### [What the exercise asks]
Restate word for word only the lines from the one with "An Egyptian vulture" through the end of the records; no pictures belong in the copy.

Collected data entries:

BEGIN

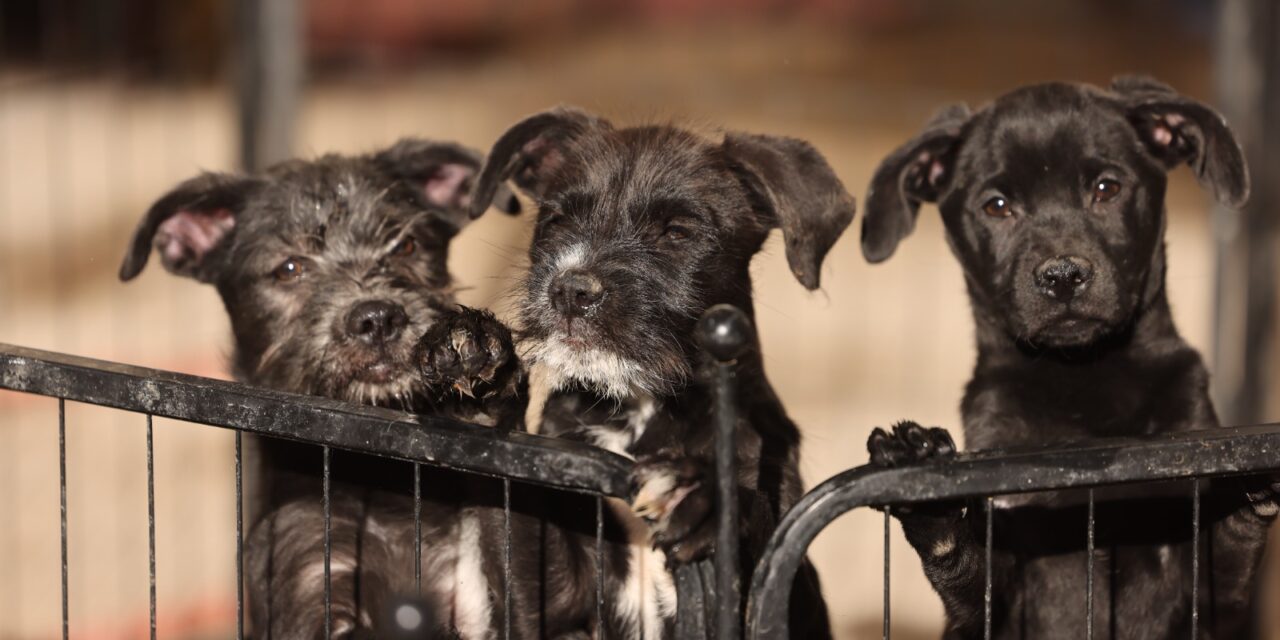 Emite DABA recomendaciones para proteger a las mascotas del frío extremo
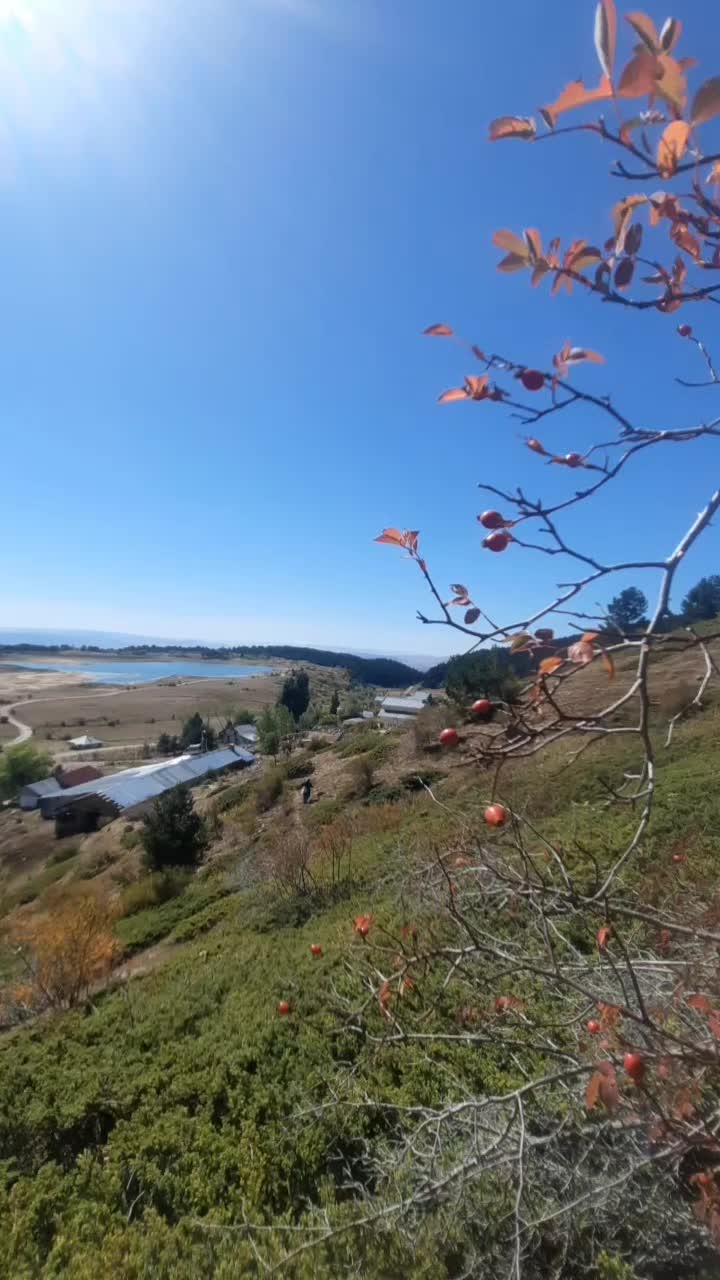 @bilge_c.181818
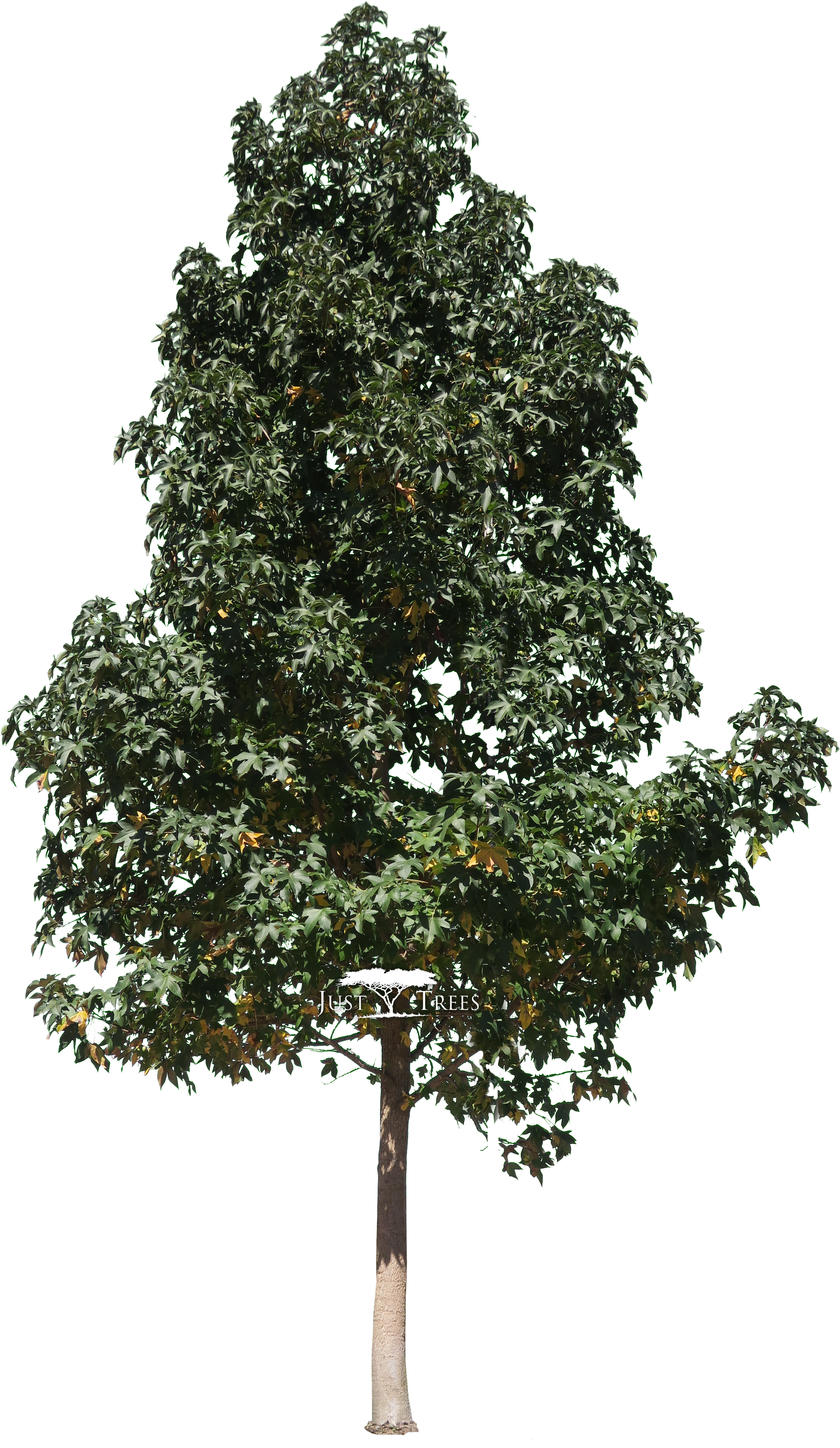 Liquidambar Styraciflua - Liquidambar Styraciflua Png (2200x3665), Png Download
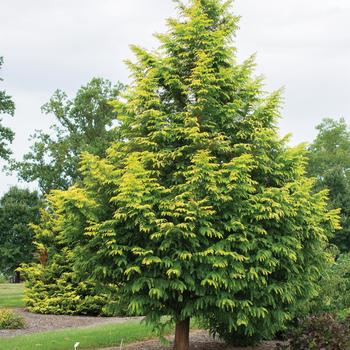 Metasequoia glyptostroboides - 'Amber Glow™' Dawn Redwood Metasequoia glyptostroboides - 'Amber Glow™' Dawn Redwood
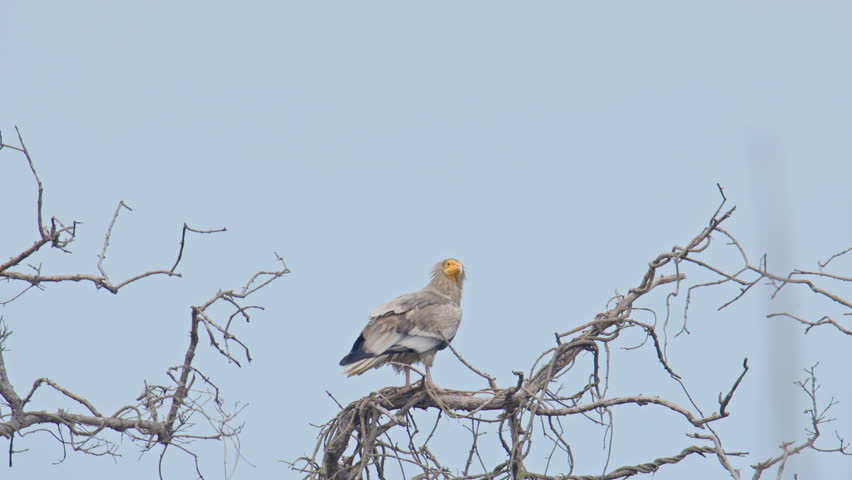 An Egyptian vulture looking for food while perching on a dry tree branch, keoladeo bird sanctuary, India.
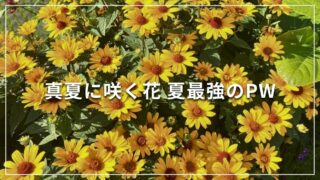 真夏に咲く花 夏最強のPW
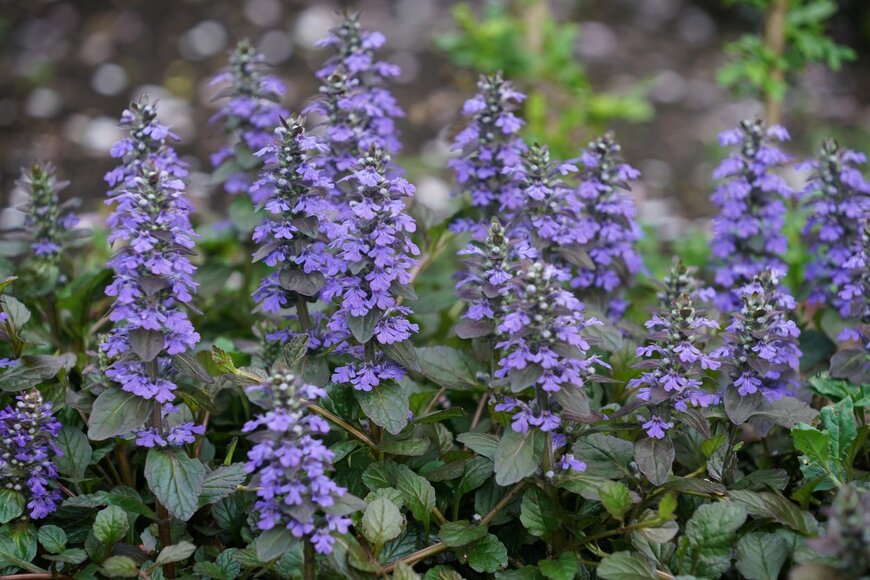 igaguri_1/istockphoto.com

END

### [Written solution]
 An Egyptian vulture looking for food while perching on a dry tree branch, keoladeo bird sanctuary, India.
 真夏に咲く花 夏最強のPW
 igaguri_1/istockphoto.com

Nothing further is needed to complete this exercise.